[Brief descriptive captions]

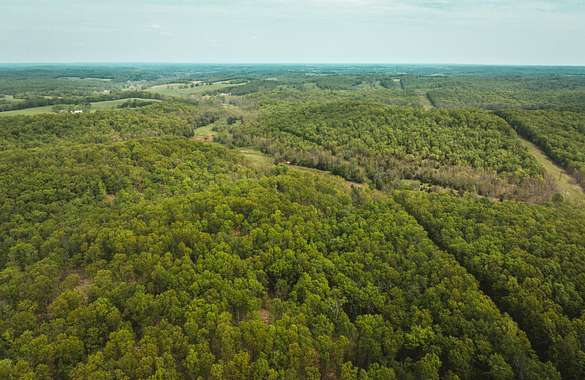 118 Acres of Recreational Land & Farm for Sale in Elk Creek, Missouri
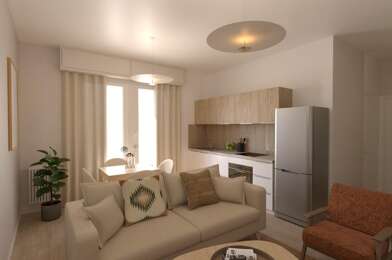 Appartement 3 pièces 1520 €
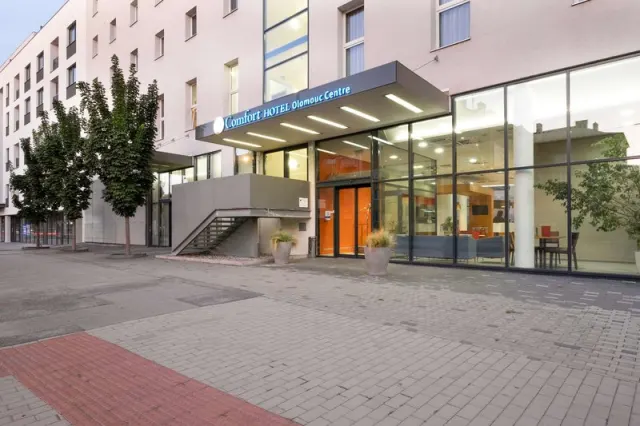 Comfort Hotel Olomouc Centre - foto 4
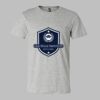 Unisex CVC Jersey Tee Thumbnail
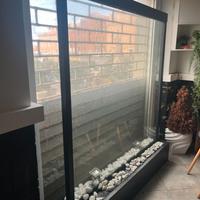 Cascata da interni per ristorante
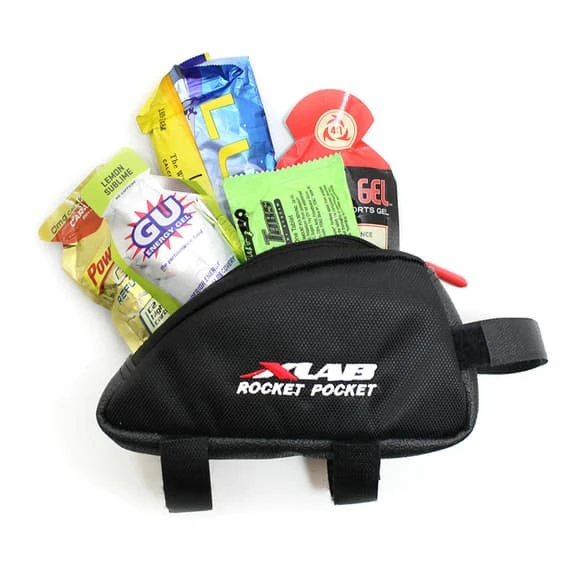 Sacoche De Cadre XLAB Rocket Pocket Noir 2 Sacoche De Cadre XLAB Rocket Pocket Noir – Image 2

Your task:
Copy out every line above without change, dropping the pictures.

Answer to this task:
 118 Acres of Recreational Land & Farm for Sale in Elk Creek, Missouri
 Appartement 3 pièces 1520 €
 Comfort Hotel Olomouc Centre - foto 4
 Unisex CVC Jersey Tee Thumbnail
 Cascata da interni per ristorante
 Sacoche De Cadre XLAB Rocket Pocket Noir 2 Sacoche De Cadre XLAB Rocket Pocket Noir – Image 2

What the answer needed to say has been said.